There is good news for landlords who receive a deposit from a tenant on a grant of a shorthold tenancy.

Section 213 of the Housing Act 2004 imposes a number of obligations on landlords of residential property who are in receipt of deposits from their tenants. Among other things, the landlord must comply with specified "initial requirements" and provide the tenant with certain prescribed information within 14 days of receipt of the deposit by the landlord.

A landlord who fails to comply with these requirements within the 14 day time limit risks a statutory penalty of three times the amount of the deposit.

In the recent case of Tiensia v Vision Enterprises Ltd, a landlord failed to protect the tenant's deposit within an authorised scheme and omitted to provide the tenant with the prescribed information within 14 days of receipt of the deposit.

However, the court held that the landlord had until the court hearing date to comply with the statutory requirements.
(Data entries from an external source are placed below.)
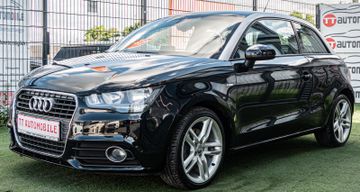 Fahrzeugabbildung Audi A1 1.4 TFSI |S-LINE SPORTPAKET|S-TRONIC|PDC|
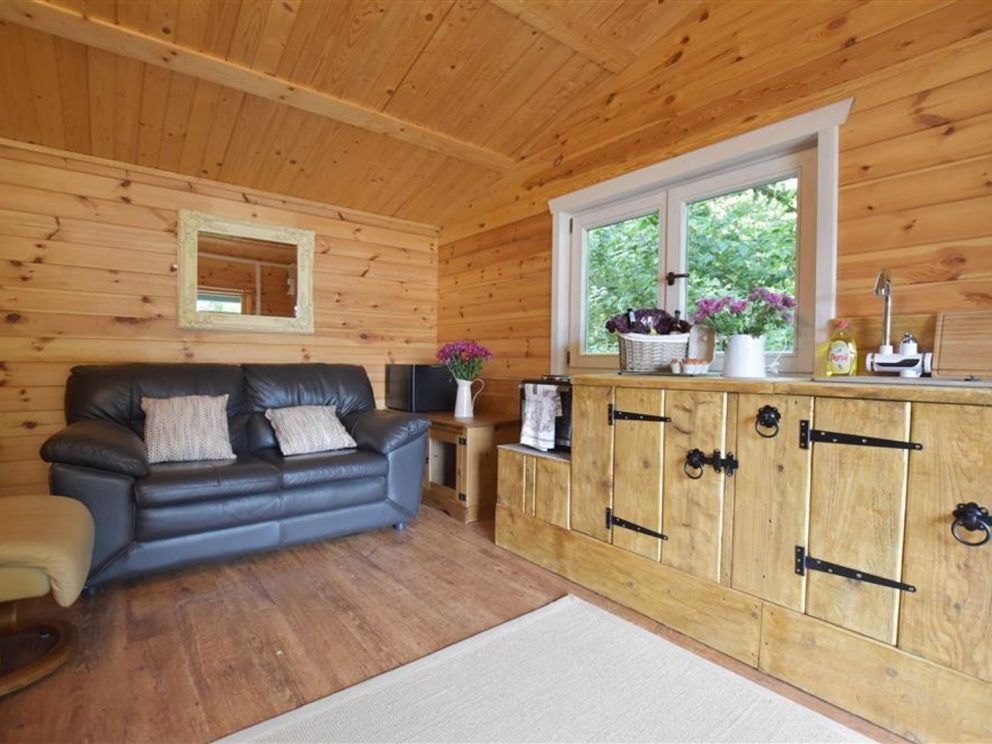 Mill Cabin Denant Pembrokeshire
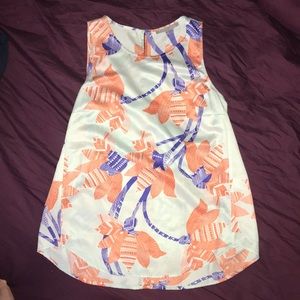 Daniel Rainn floral shirt from Stitch Fix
The landlord complied with its obligations before the date of the hearing, albeit after the initial 14 day statutory period had elapsed, and so avoided a statutory penalty.

This is good news for landlords. It appears that, in practice, the statutory sanction of three times the deposit is unlikely to be imposed. Indeed, the court held that a tenant "ought to write a letter before claim to the landlord", thus providing the landlord with a further opportunity to comply with its obligations.